▶

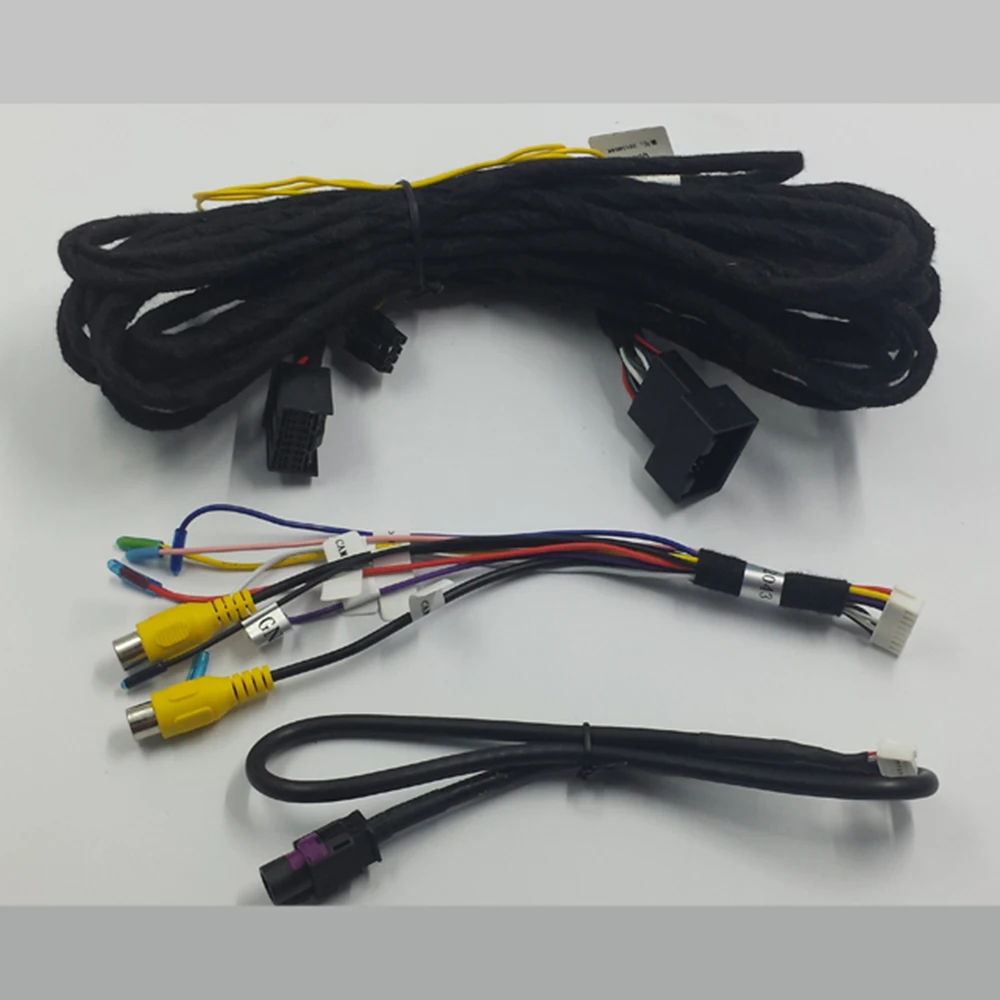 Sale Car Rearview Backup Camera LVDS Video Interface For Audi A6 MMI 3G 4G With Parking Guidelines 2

◀
▶

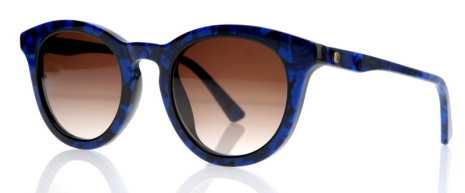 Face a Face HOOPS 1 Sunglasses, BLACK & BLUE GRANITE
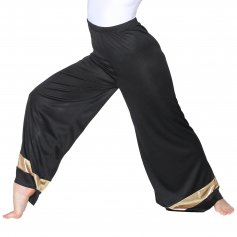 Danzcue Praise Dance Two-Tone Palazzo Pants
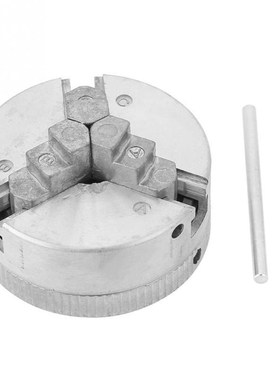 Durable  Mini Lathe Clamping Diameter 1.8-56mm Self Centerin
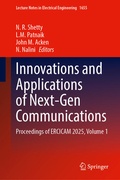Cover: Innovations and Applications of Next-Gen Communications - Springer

◀

▶ _WORK ORDER_
Copy only these lines from the records above, exactly: the one with "Danzcue Praise Dance Two-Tone Palazzo Pants", the one with "Cover: Innovations and", and those between. Skip the pictures.

▶ _WRITTEN SOLUTION_
 Danzcue Praise Dance Two-Tone Palazzo Pants
 Durable  Mini Lathe Clamping Diameter 1.8-56mm Self Centerin
Cover: Innovations and Applications of Next-Gen Communications - Springer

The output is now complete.